Congress would not let him do either. Those who argue for more power to
an Elected President do not realize the disaster that he/she could pose
to the wellbeing of ordinary citizens. That the 19th Amendment to the
Constitution removed the power of the President to dismiss Parliament is
an object lesson in the value of separation of powers. I would go
further and urge that Parliament run for a term specified in the
constitution leaving no one with power to end its life. The law will
specify when government holds elections to elect a new Parliament or a
President. So must the period of office of the President of the Republic
be fixed by law. Sumanadasas and Peirises will have to seek other
gullible victims.
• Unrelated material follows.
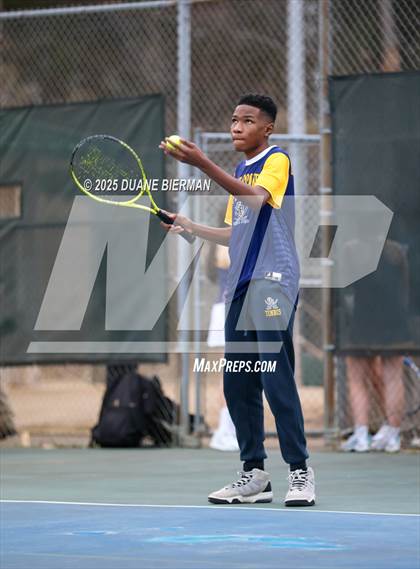 Thumbnail 3 in Olive Branch vs Southaven photogallery.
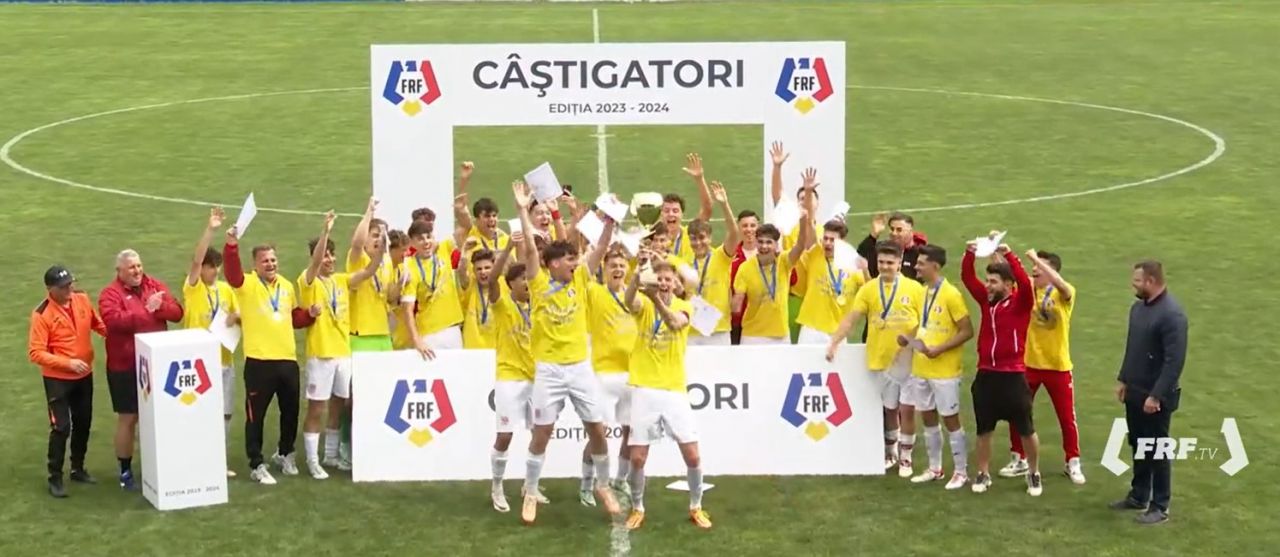New Dinamo! 7-0 în finală și echipa de fotbal a clubului sportiv din Ștefan cel Mare a câștigat Cupa României U19 + gloriile dinamoviste prezente_5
Such provisions in the Constitution will end the
shenanigans that we have seen under the 1978 Constitution.
There are institutions besides laws that govern peoples’ lives.
Buddhists use two Pali words hiri and ottappa and in Sinhala hiri and
otap. Hiri is remorse or guilt that one feels for having done something
wrong. It is the pain you have when you face the mirror in the morning,
after the night when you raped a helpless young woman. Ottappa is the
shame that you have in facing others after having done something wrong.
It is the pain you feel when your long standing friend crosses over to
the other side of the street, the moment he notices you on the same side
of the road as he. We seem to have lost all sense of hiri otap.
Let me quote for you a quatrain which I enjoy much:
‘Venurnanali karkatakascha rambha
Vinashakale phalmud bhavanthi,
Evang naranang mativi prakaram
Vinashakale viparita budhih.’
‘As in calamitous death throes, the bamboo, the crab and the banana
plant bloom and bear fruit, so do men in their own destruction lose
their mind.’
Let the old order die. Their day and destruction are done. The young
will live and so their progeny and theirs. Let the young wrest control
of organizations and re-fashion institutions to suit their minds, always
aware that they threw away the old order because it was short sighted,
ignorant, selfish, ugly and uncivilized.